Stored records

□ □ □

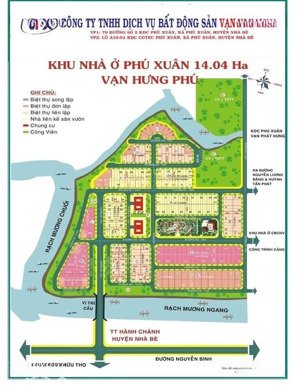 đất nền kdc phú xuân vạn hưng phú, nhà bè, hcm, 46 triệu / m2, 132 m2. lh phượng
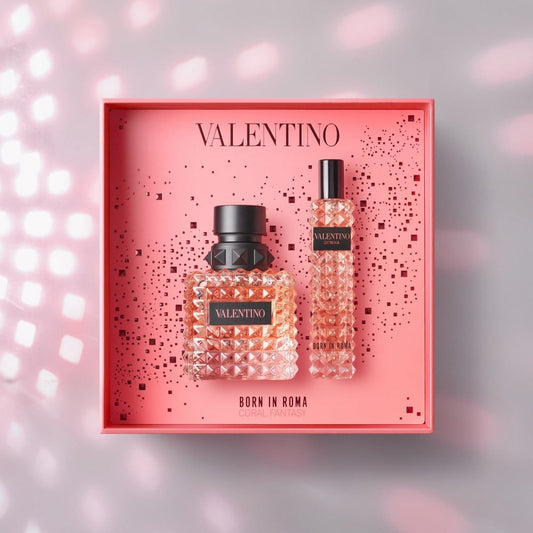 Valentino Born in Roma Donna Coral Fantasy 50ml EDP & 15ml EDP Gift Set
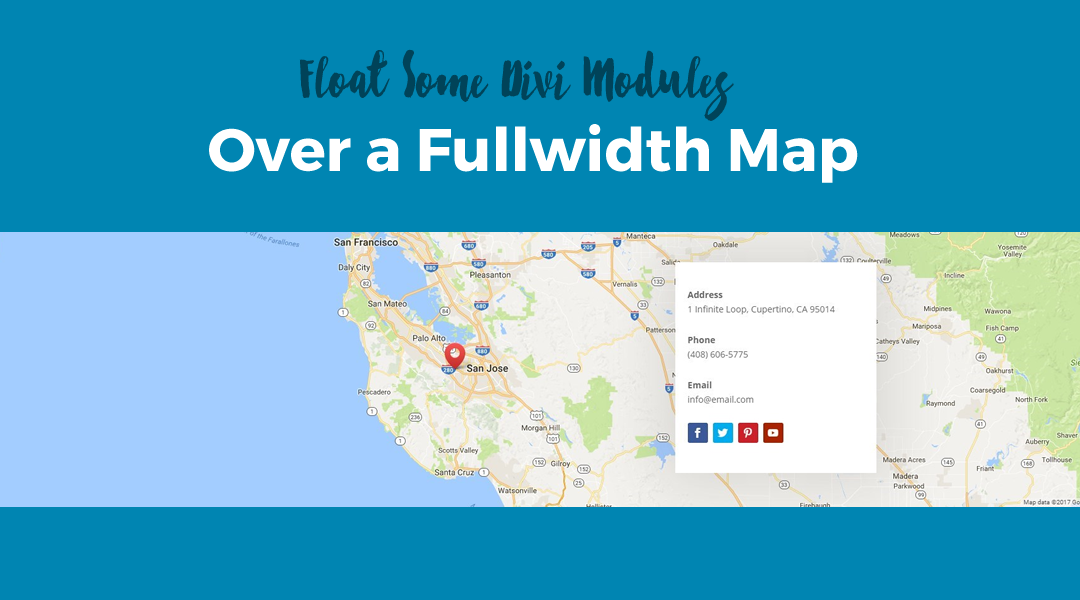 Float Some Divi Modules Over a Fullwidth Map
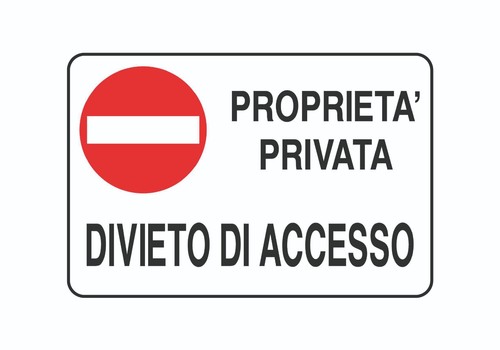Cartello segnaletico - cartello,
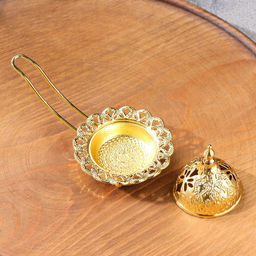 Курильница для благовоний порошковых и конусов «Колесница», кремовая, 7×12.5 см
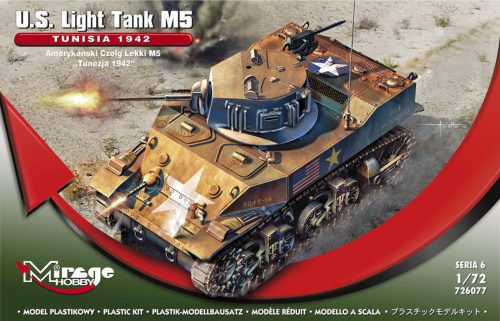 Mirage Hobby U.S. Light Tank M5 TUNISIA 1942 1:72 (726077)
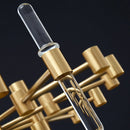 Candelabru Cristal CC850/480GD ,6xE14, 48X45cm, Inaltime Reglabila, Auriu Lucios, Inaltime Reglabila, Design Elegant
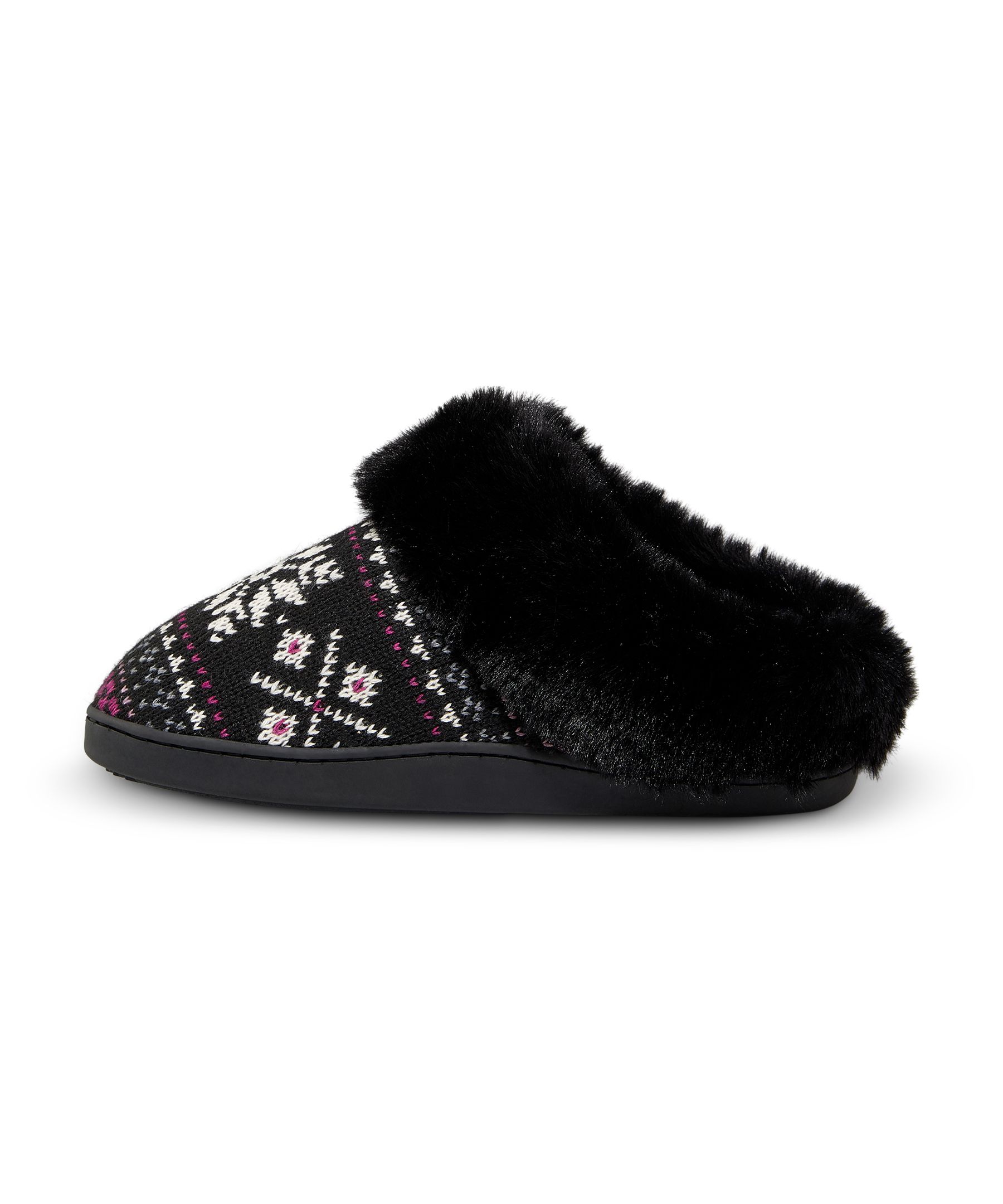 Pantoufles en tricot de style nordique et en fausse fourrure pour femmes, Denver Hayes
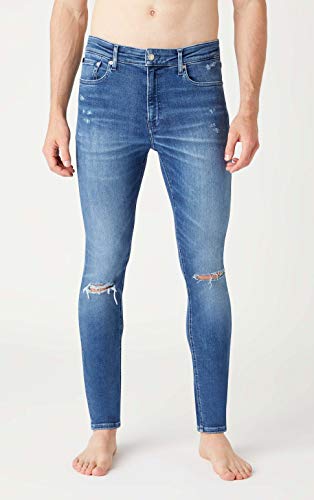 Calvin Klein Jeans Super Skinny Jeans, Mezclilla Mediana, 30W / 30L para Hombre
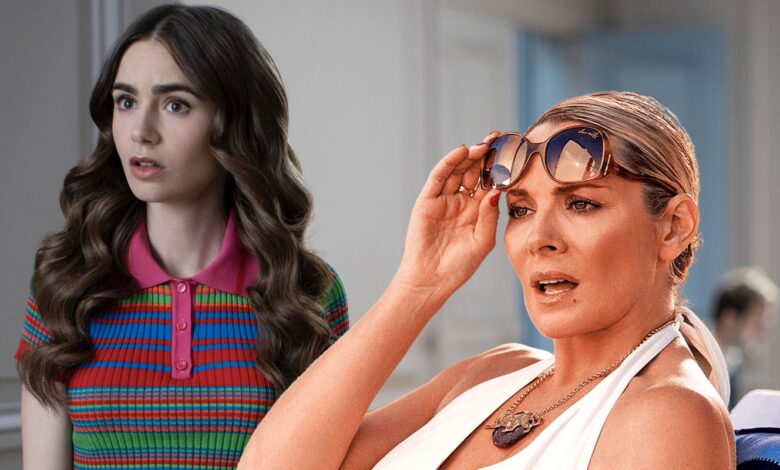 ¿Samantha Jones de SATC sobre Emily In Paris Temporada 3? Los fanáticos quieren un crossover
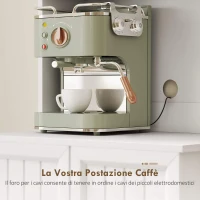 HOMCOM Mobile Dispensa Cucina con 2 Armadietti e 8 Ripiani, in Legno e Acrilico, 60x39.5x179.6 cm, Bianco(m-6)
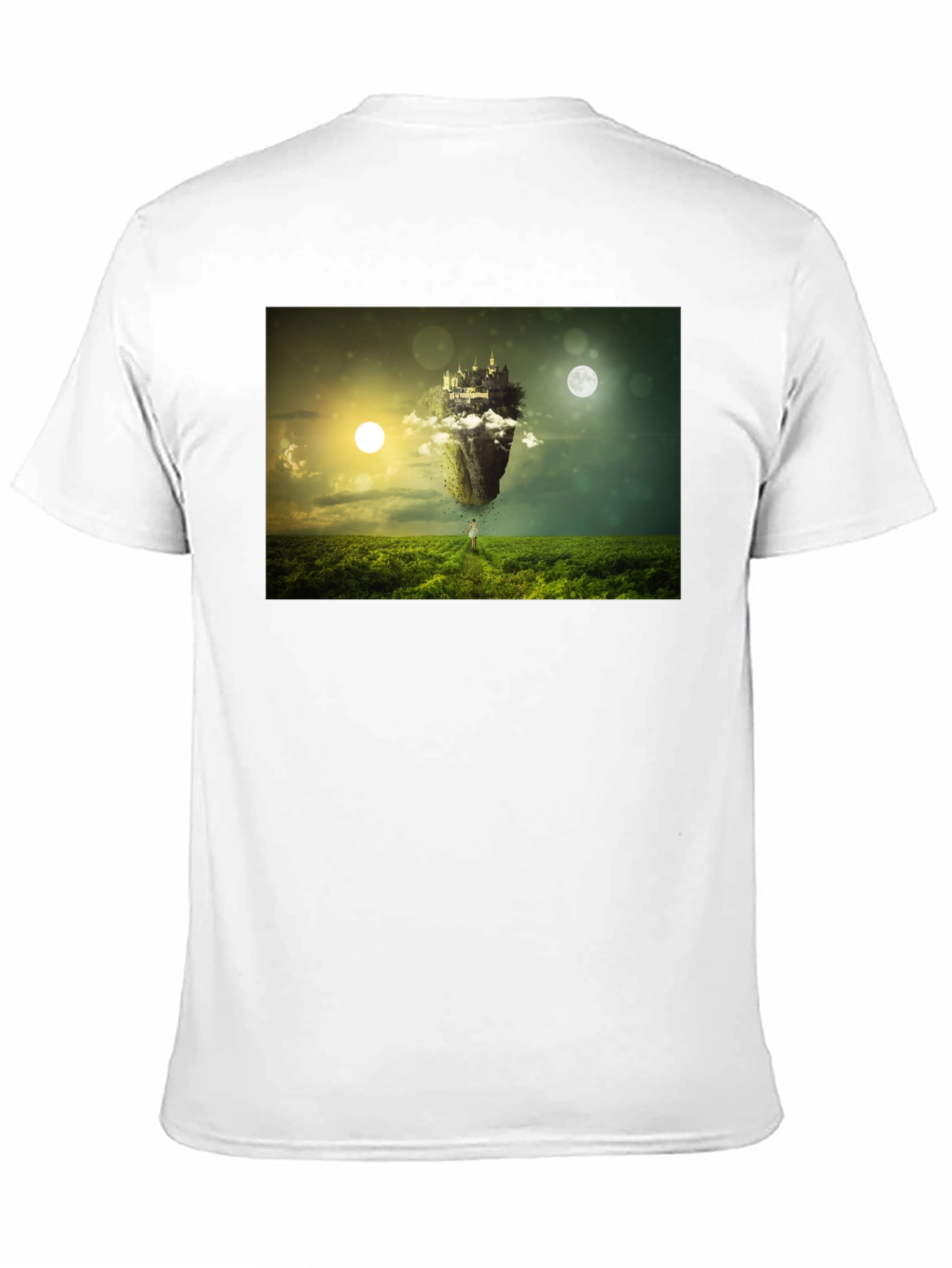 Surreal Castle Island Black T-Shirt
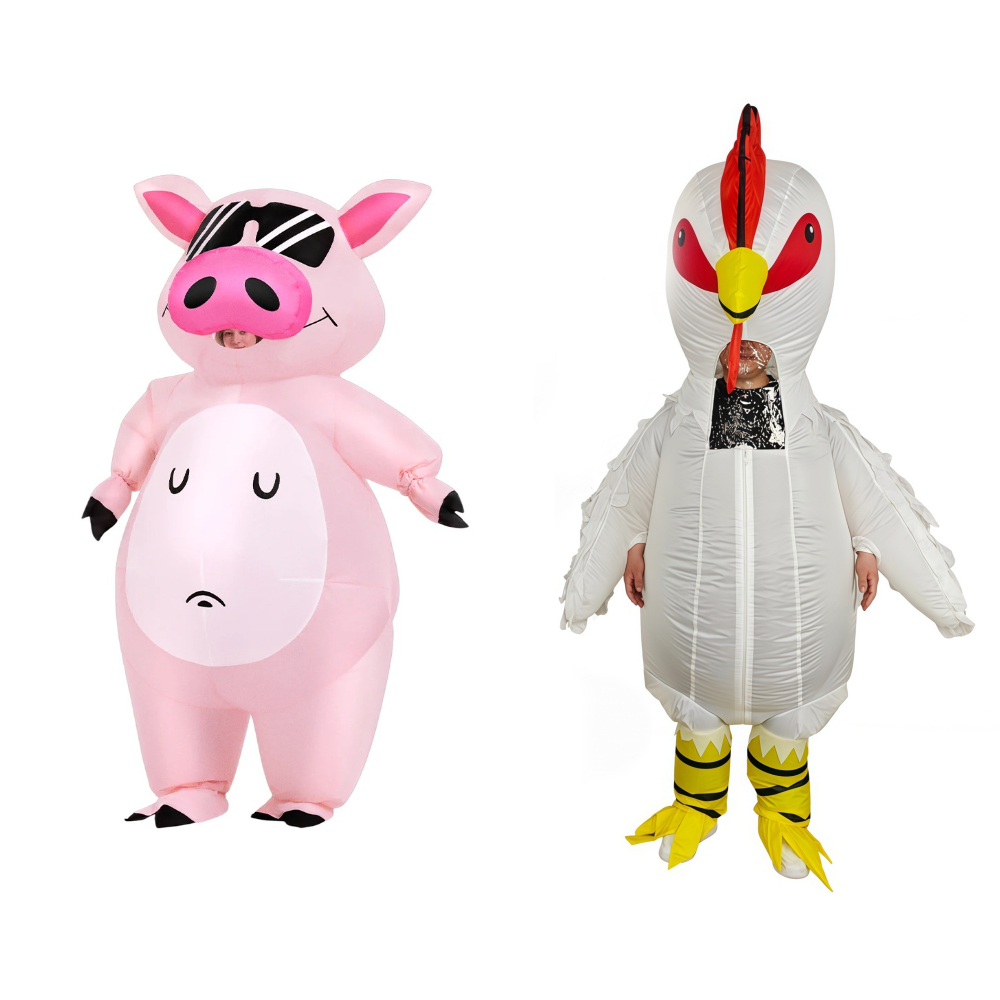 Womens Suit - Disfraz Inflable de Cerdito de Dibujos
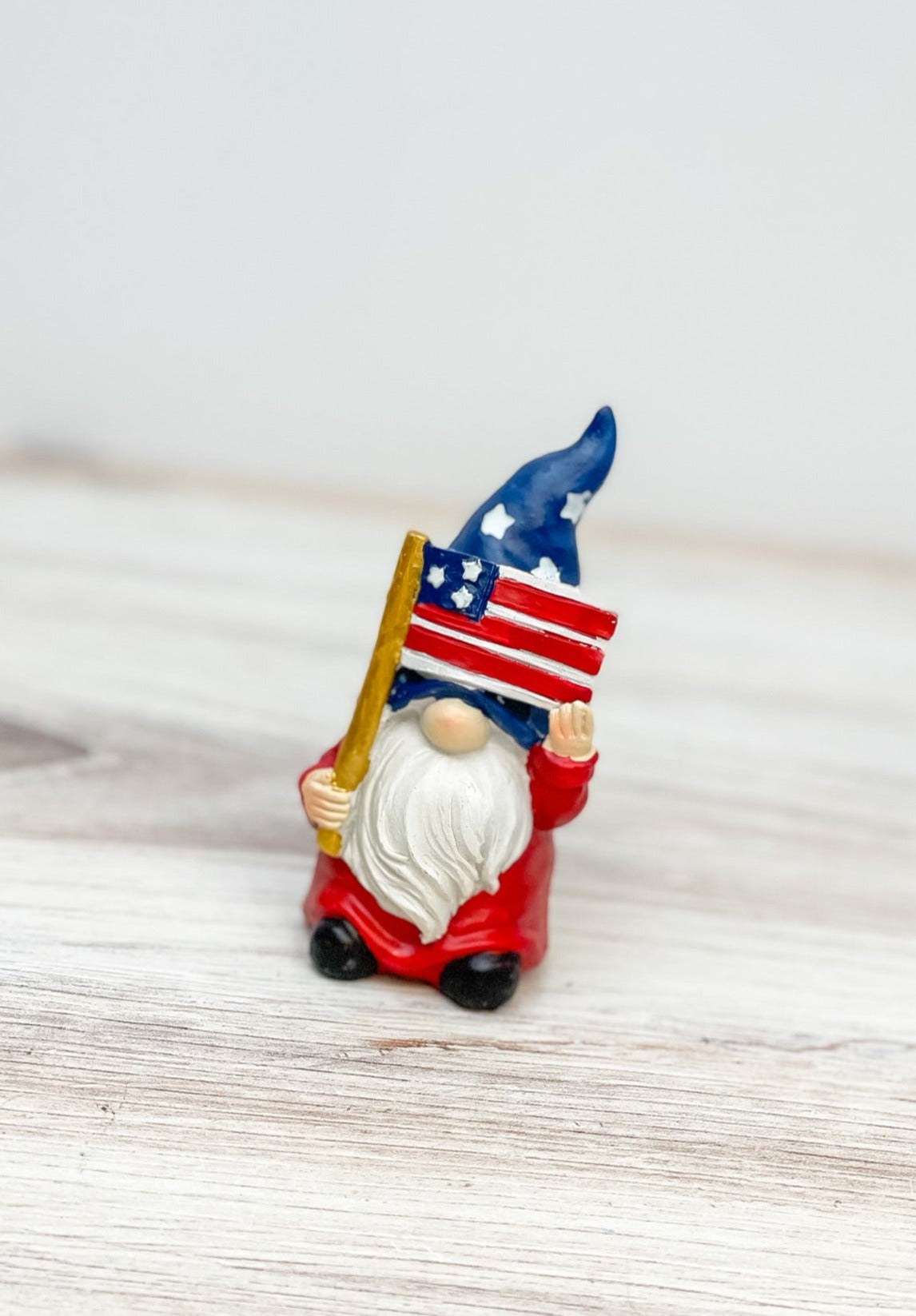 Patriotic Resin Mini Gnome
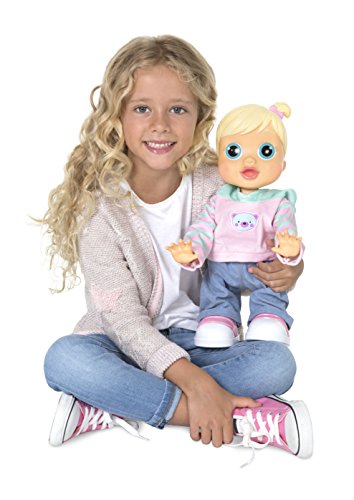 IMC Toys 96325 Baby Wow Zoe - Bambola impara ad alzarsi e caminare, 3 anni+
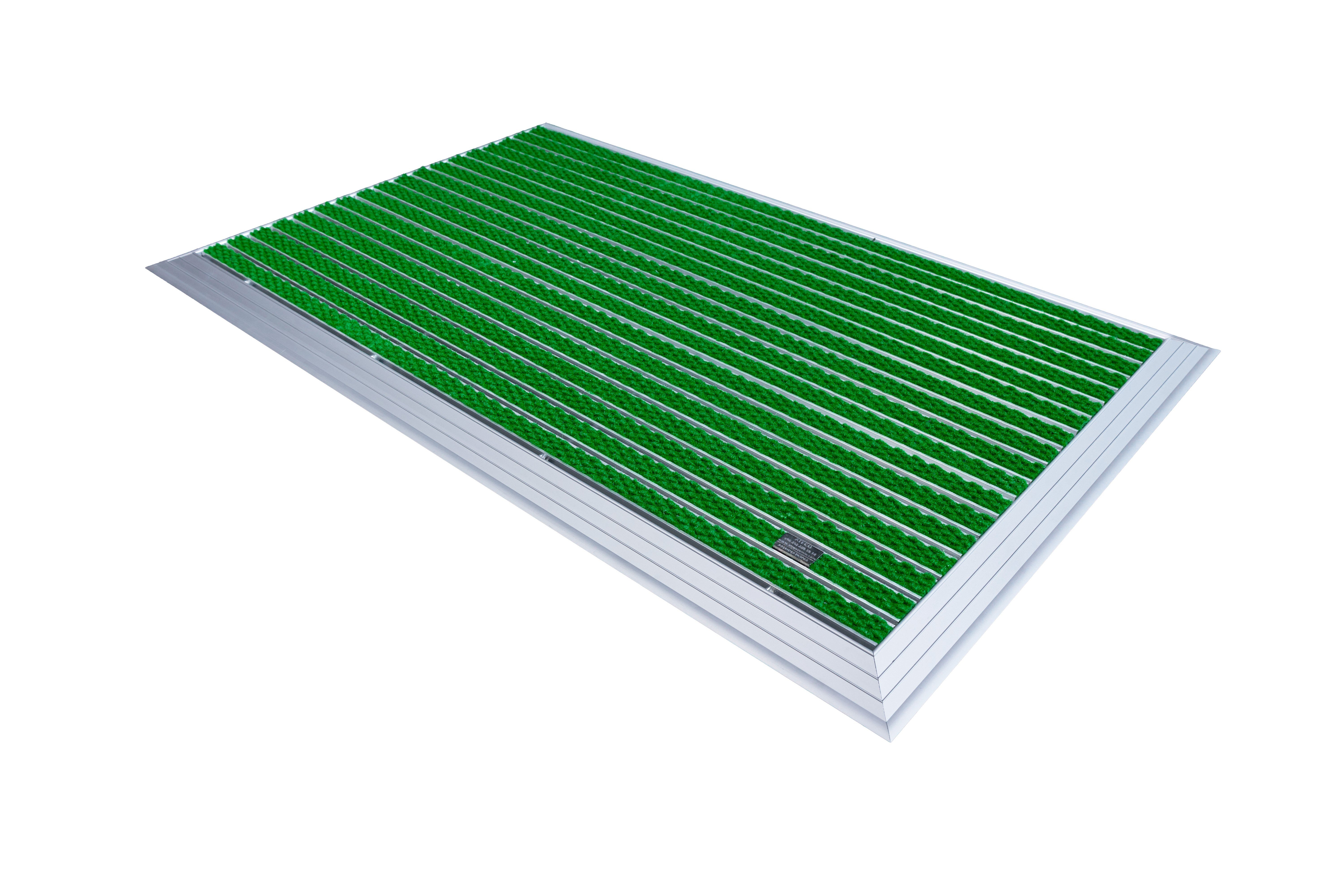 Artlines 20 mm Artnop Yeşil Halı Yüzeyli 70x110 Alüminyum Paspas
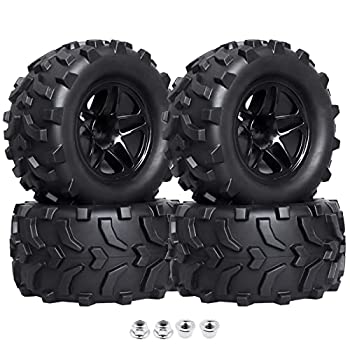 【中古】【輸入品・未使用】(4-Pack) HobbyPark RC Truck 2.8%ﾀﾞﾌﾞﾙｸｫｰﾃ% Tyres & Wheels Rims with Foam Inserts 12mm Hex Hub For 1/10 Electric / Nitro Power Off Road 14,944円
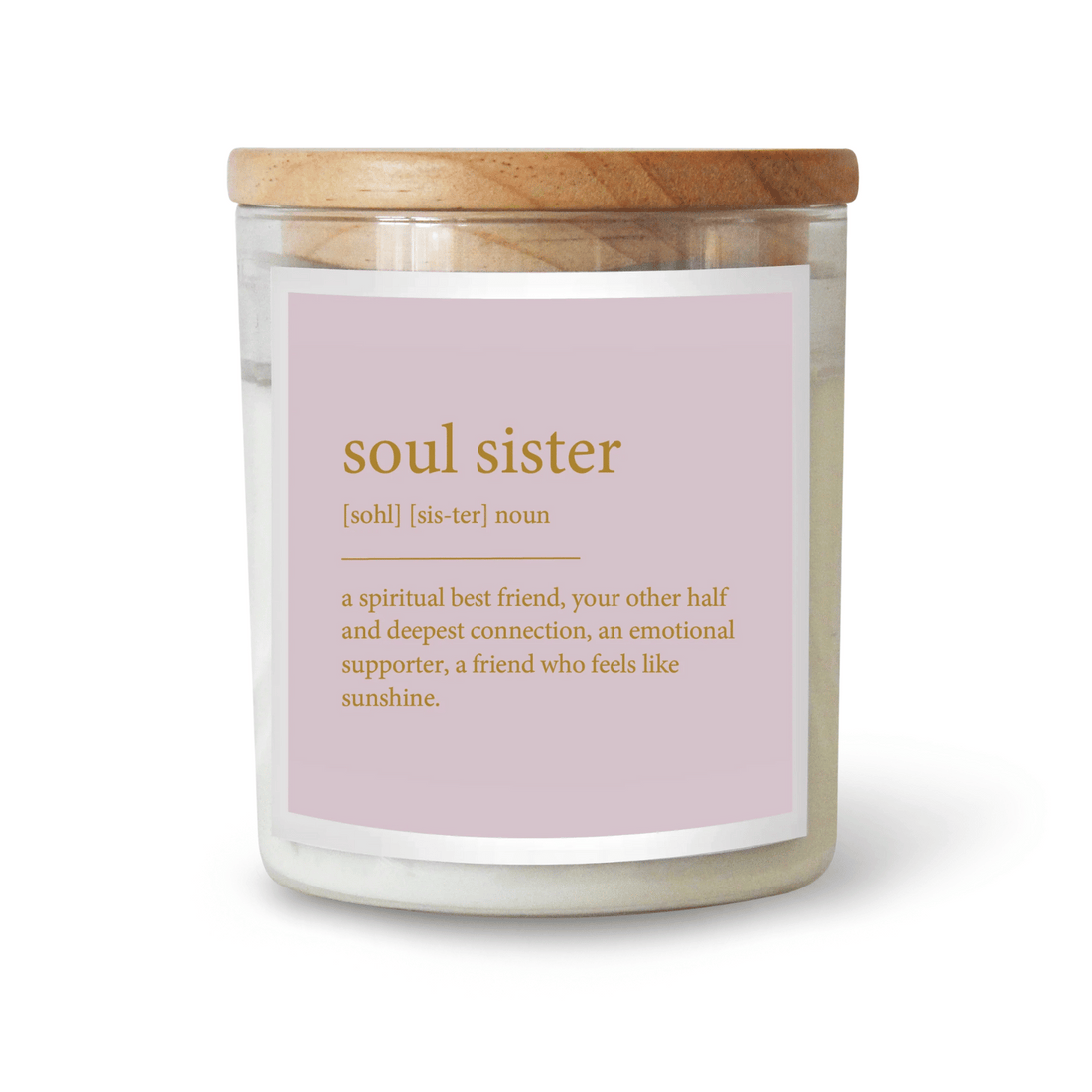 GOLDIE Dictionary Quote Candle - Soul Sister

□ □ □

# Your instructions:
Retype precisely, and only, the lines from the one holding "Womens Suit - Disfraz" through the final line of the data above, with the pictures omitted.

# Task result:
 Womens Suit - Disfraz Inflable de Cerdito de Dibujos
 Patriotic Resin Mini Gnome
 IMC Toys 96325 Baby Wow Zoe - Bambola impara ad alzarsi e caminare, 3 anni+
 Artlines 20 mm Artnop Yeşil Halı Yüzeyli 70x110 Alüminyum Paspas
 【中古】【輸入品・未使用】(4-Pack) HobbyPark RC Truck 2.8%ﾀﾞﾌﾞﾙｸｫｰﾃ% Tyres & Wheels Rims with Foam Inserts 12mm Hex Hub For 1/10 Electric / Nitro Power Off Road 14,944円
 GOLDIE Dictionary Quote Candle - Soul Sister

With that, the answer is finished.